Start of RECORDS SHOWN

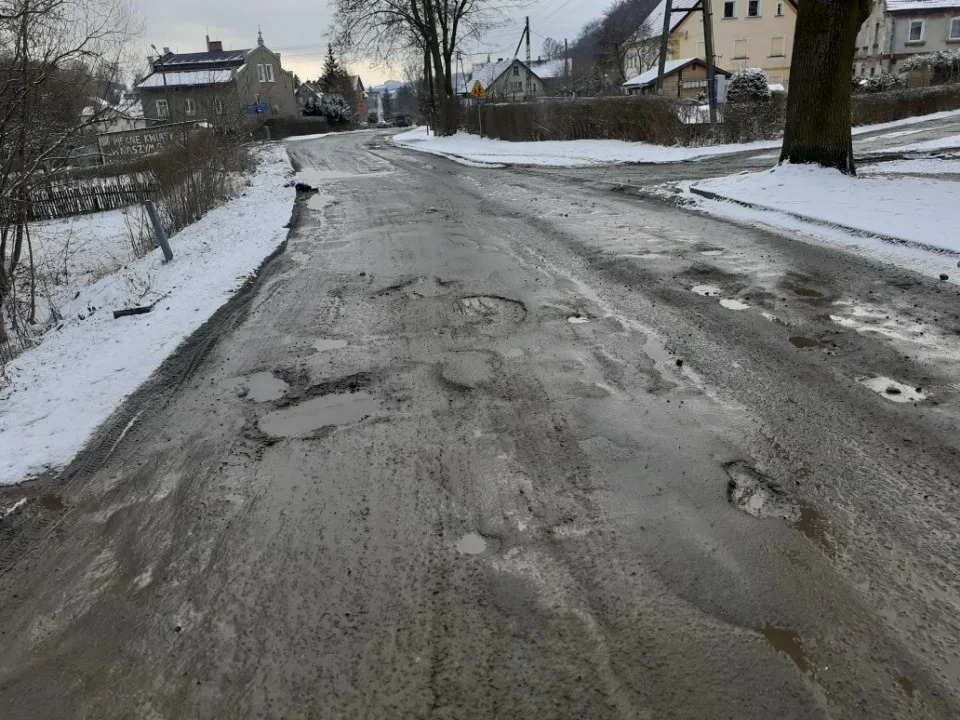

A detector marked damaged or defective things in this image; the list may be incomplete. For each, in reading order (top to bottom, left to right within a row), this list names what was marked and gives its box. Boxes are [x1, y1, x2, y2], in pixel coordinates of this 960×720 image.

pothole [458, 296, 524, 324]
pothole [244, 372, 288, 404]
water-filled pothole [246, 374, 286, 402]
pothole [860, 380, 928, 402]
pothole [256, 390, 380, 436]
water-filled pothole [258, 390, 378, 436]
pothole [724, 464, 800, 520]
pothole [456, 532, 488, 556]
water-filled pothole [456, 532, 488, 556]
pothole [756, 624, 808, 676]
water-filled pothole [756, 624, 808, 676]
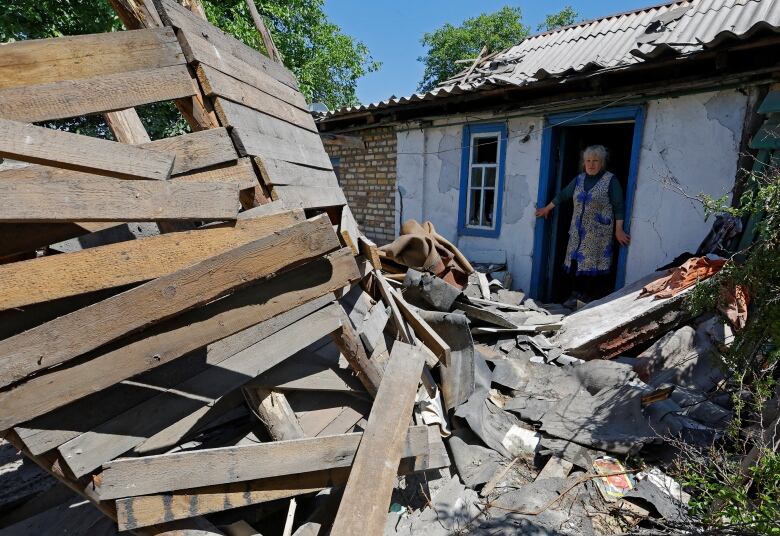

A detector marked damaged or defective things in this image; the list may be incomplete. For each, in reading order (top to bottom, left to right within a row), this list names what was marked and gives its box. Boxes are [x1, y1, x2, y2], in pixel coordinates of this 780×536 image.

End of RECORDS SHOWN

EXERCISE AIM
Print each record exactly as it stands, omitting the pictures.

TASK RESULT
A detector marked damaged or defective things in this image; the list may be incomplete. For each, in reading order (top to bottom, left to right within a row), this list names what was marked and gives its box. Boxes are [x1, y1, x2, y2], in pixel coordinates of this 960×720 image.

pothole [458, 296, 524, 324]
pothole [244, 372, 288, 404]
water-filled pothole [246, 374, 286, 402]
pothole [860, 380, 928, 402]
pothole [256, 390, 380, 436]
water-filled pothole [258, 390, 378, 436]
pothole [724, 464, 800, 520]
pothole [456, 532, 488, 556]
water-filled pothole [456, 532, 488, 556]
pothole [756, 624, 808, 676]
water-filled pothole [756, 624, 808, 676]

A detector marked damaged or defective things in this image; the list may be incomplete. For each, in reading order (top to bottom, left to right within a row), this list names what was marked and gives its box. Boxes are [x1, y1, x2, y2], in pixel coordinates of this 780×536 image.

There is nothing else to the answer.